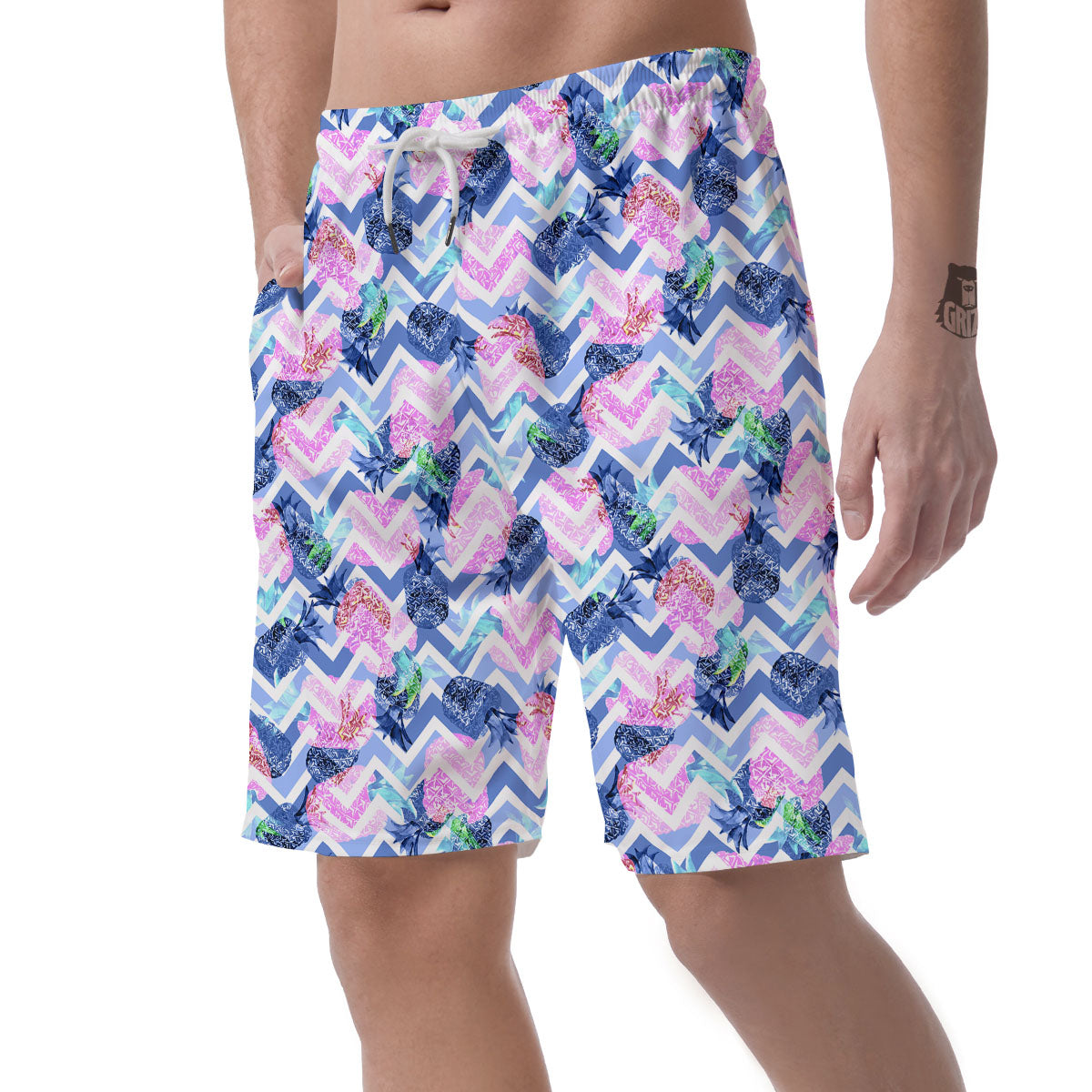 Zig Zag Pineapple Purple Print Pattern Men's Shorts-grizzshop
◇ ◇ ◇ ◇ ◇
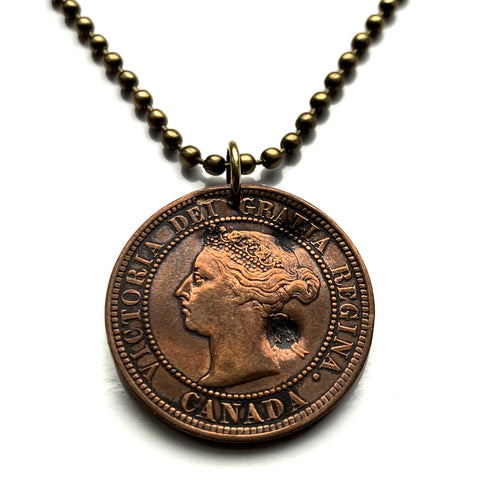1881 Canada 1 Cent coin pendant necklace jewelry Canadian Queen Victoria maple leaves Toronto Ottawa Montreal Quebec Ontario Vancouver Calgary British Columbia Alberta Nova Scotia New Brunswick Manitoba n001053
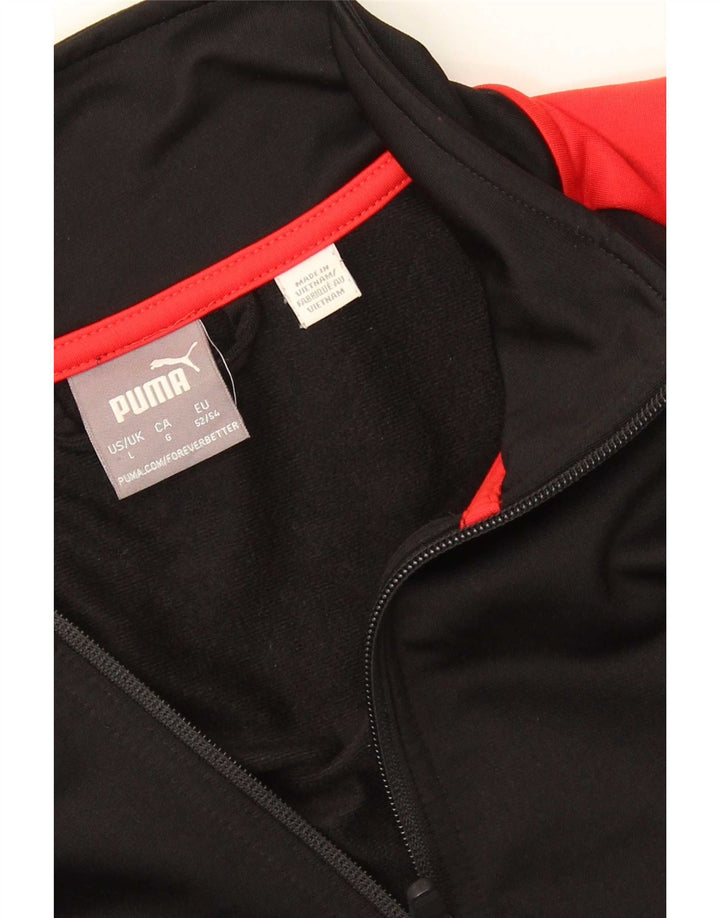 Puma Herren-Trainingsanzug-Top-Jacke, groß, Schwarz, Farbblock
◇ ◇ ◇ ◇ ◇
Work required
The result should be an exact copy of only the lines above from the one that holds "1881 Canada 1" through the one that holds "Puma Herren-Trainingsanzug-Top-Jacke, groß, Schwarz, Farbblock", both ends included, without pictures.

Answer section
1881 Canada 1 Cent coin pendant necklace jewelry Canadian Queen Victoria maple leaves Toronto Ottawa Montreal Quebec Ontario Vancouver Calgary British Columbia Alberta Nova Scotia New Brunswick Manitoba n001053
 Puma Herren-Trainingsanzug-Top-Jacke, groß, Schwarz, Farbblock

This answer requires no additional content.